Task objective - Take the material below and output exactly the run of lines from the one containing "4748 S Hudson Place Property Photo 18" down to the one containing "Lux Suites Kl", with both included.
BEGIN Information provided
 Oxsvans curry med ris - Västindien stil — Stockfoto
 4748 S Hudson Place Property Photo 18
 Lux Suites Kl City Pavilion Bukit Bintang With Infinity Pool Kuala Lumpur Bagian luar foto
END Information provided
BEGIN Information provided
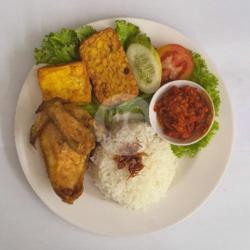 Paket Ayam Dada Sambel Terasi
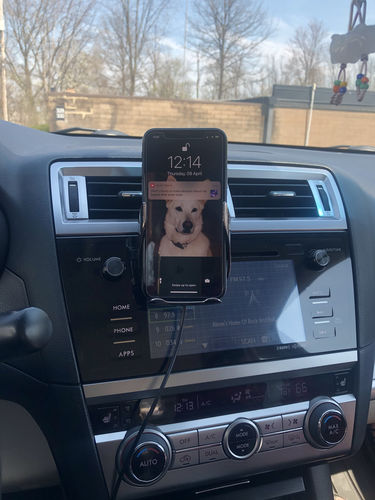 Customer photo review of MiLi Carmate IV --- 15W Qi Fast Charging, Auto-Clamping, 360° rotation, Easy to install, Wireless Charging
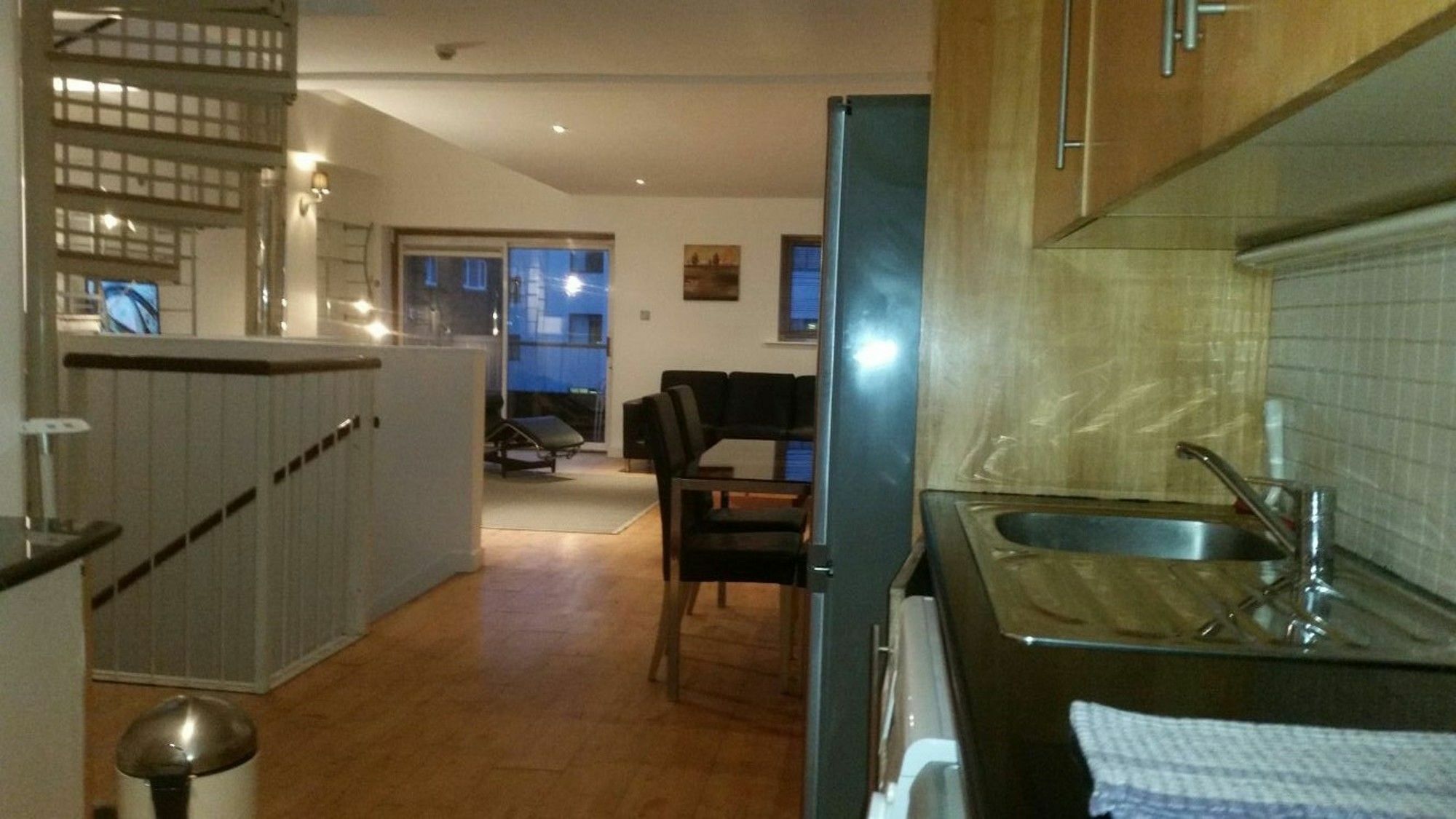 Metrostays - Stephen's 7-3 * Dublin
END Information provided
Answer -
 4748 S Hudson Place Property Photo 18
 Lux Suites Kl City Pavilion Bukit Bintang With Infinity Pool Kuala Lumpur Bagian luar foto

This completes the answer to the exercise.